Search code examples
pythonnumpyhistogrammedian

Operating on histogram bins Python


I am trying to find the median of values within a bin range generated by the np.histrogram function. How would I select the values only within the bin range and operate on those specific values? Below is an example of my data and what I am trying to do:

x = [0, 0.1, 0.2, 0.3, 0.4, 0.5, 0.6, 0.7, 0.8, 0.9, 1]

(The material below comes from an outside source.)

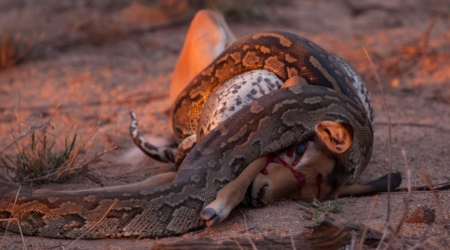 Snakes in Uganda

y values can have any sort of x value associated with them, for example:

hist, bins = np.histogram(x)
hist = [129, 126, 94, 133, 179, 206, 142, 147, 90, 185] 
bins = [0.,         0.09999926, 0.19999853, 0.29999779, 0.39999706,
        0.49999632, 0.59999559, 0.69999485, 0.79999412, 0.8999933,
        0.99999265]

So, I am trying to find the median y value of the 129 values in the first bin generated, etc.


Solution

  • One way is with pandas.cut():

    >>> import pandas as pd
    >>> import numpy as np
    >>> np.random.seed(444)
    
    >>> x = np.random.randint(0, 25, size=100)
    >>> _, bins = np.histogram(x)
    >>> pd.Series(x).groupby(pd.cut(x, bins)).median()
    (0.0, 2.4]       2.0
    (2.4, 4.8]       3.0
    (4.8, 7.2]       6.0
    (7.2, 9.6]       8.5
    (9.6, 12.0]     10.5
    (12.0, 14.4]    13.0
    (14.4, 16.8]    15.5
    (16.8, 19.2]    18.0
    (19.2, 21.6]    20.5
    (21.6, 24.0]    23.0
    dtype: float64
    

    If you want to stay in NumPy, you might want to check out np.digitize().